FYI, there was an update on currently running MicroPython ESP8266 kickstarter about reverse engineering and open-source aspects of ESP8266 chip. Some people say it's good. I tried to post it on HN, but it didn't catch momentum: https://news.ycombinator.com/item?id=11174534 . Maybe readers of this thread find it interesting though.

supergreg 10 years ago

Can micropython be used to make Android apps?

  • rupellohn 10 years ago

    For regular Android apps using Python you might want to look into Kivy: https://kivy.org/docs/guide/android.html

  • dbcurtis 10 years ago

    first, lets be clear about Micropython, the software versus PyBoard, the reference hardware. Micropython on a Pyboard is runnunig on bare metal with no OS. Micropython is very portable, and builds nicely on Linux, yielding a nice small-footprint Python. I am not aware of a build for Android, but it seems like it should be straightforward. Everything about Micropython is tuned for low memory footprint, so it might be a great tool for Android aps.

    • unwind 10 years ago

      But Android is based on Linux, i.e. it wouldn't allow MicroPython to run directly on the bare metal.

      So that would seem to make actual Python a better candidate for Android porting. I found http://qpython.com/ which seems interesting, but the site didn't look finished.

      • inclemnet 10 years ago

        Python indeed runs fine on Android once you can get it to compile (the interpreter needs to be patched to compile with bionic, or can be compiled without patches using the CrystaX NDK). The Kivy graphical framework has the associated python-for-android project [1] taking care of doing this plus including other components like Python modules (including complex ones like numpy) and can compile with different kinds of backend (not just Kivy). There are also other projects running Python on Android in different ways.

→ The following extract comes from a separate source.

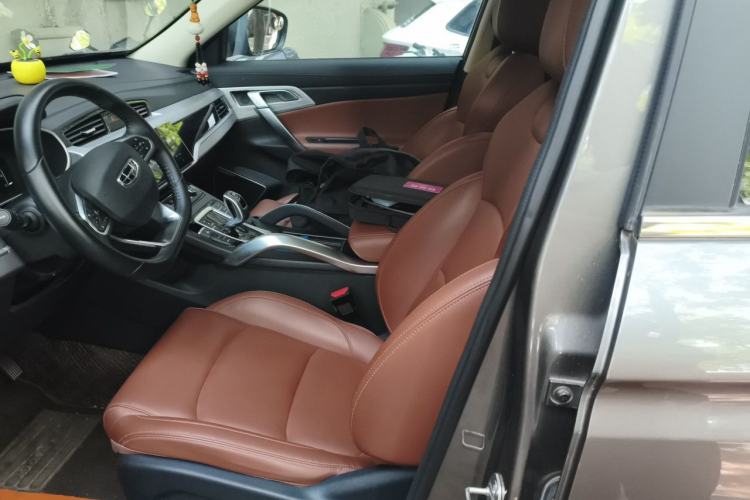 Used Geely Auto Emgrand X7 Sport 2021 1.8TD DCT Two-Wheel Drive Asian Games Edition Left Front Seat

        [1] https://github.com/kivy/python-for-android

      • dbcurtis 10 years ago

        Yes, it would run on Android the way it runs on Lunux, as an OS process. The benefit is extreme parsimony with respect to RAM use.

  • pfalcon 10 years ago

    I started Android port: http://forum.micropython.org/viewtopic.php?f=15&t=898 . It's primary goal not to make normal Android apps (.apk's), but to access Android APIs from command line (like adb). Here's quick example what it can do: https://github.com/pfalcon/micropython-projs/tree/master/and... . I also have an OpenGLES example someone which turns out I missed to push. Of course, I though about making "normal" apps too, but that would be a long way and bunch of effort.

    With ESP8266 port kickstarter, Android port is put on hold.

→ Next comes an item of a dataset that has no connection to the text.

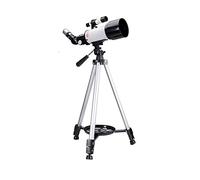BYERZ Telescopio para niños principiantes, apertura de 70 mm, montaje AZ de 400 mm, óptica multicapa, telescopios para adultos, telescopio refractor de astronomía portátil con trípode, mochila, el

  • ecopoesis 10 years ago

    You'd be better off trying to to use Jython (which compiles Python to JVM bytecode) because that would give you interop with Android's Java libraries.

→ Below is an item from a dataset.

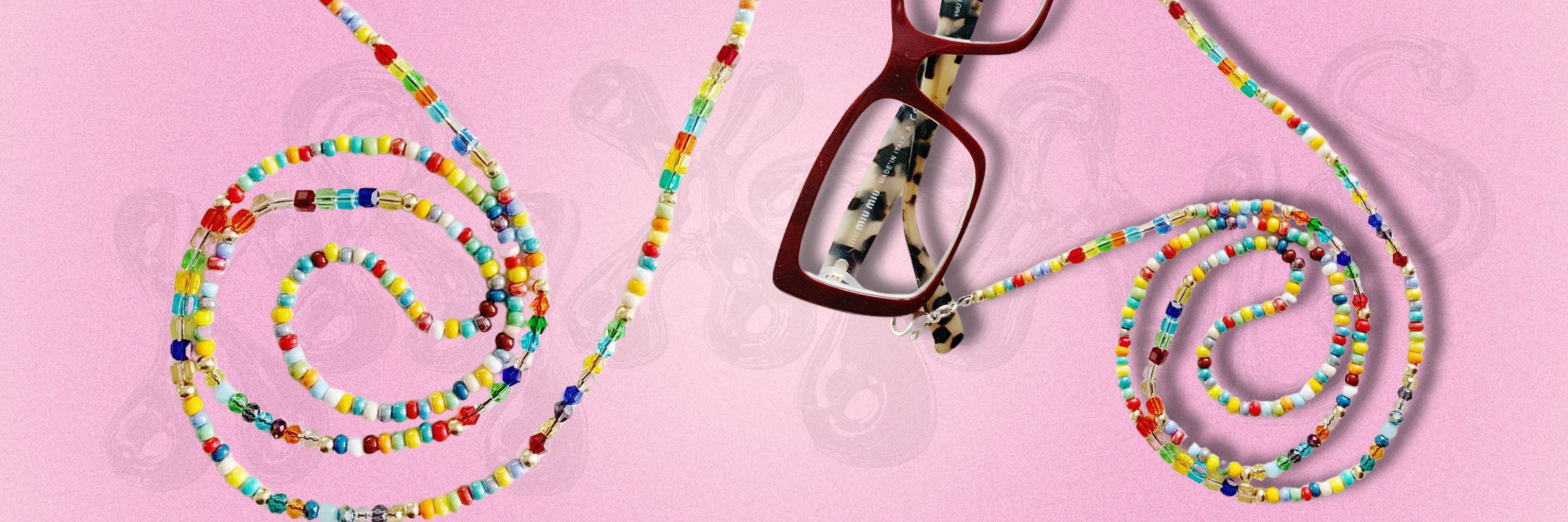 Colorfull Beaded Charm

    • inclemnet 10 years ago

      I'm not aware of anyone having succeeded with Jython - I think there are technical issues but I'm not sure what's the nature of the problem.

      One option for interacting with java from python is to use tools like pyjnius (http://pyjnius.readthedocs.org/en/latest/) - this is what e.g. Kivy does to get system information like screen metrics.

      • pfalcon 10 years ago

        MicroPython Android support mentioned above is exactly inspired by pyjnius. My initial interest for uPy Android is to just hack on Android, not produce walled-garden (APK) apps. But I intended to post about this effort on Kivy list to see if someone might be interested. The idea might be to have something small, like https://love2d.org/ , but in Python. Note that I myself not really interested in cloning love2d, but if some readers of these comments would find idea interesting and could spread the word to Kivy circles, that would be appreciated (you never know what may come up if wide community gets involved - that's the beauty of Open Source).

  • cushychicken 10 years ago

    You could likely interface with Android using MicroPython's wifi interface (which will almost certainly be included in the upcoming ESP8266 release) or using the micro:bit's Bluetooth Low Energy link.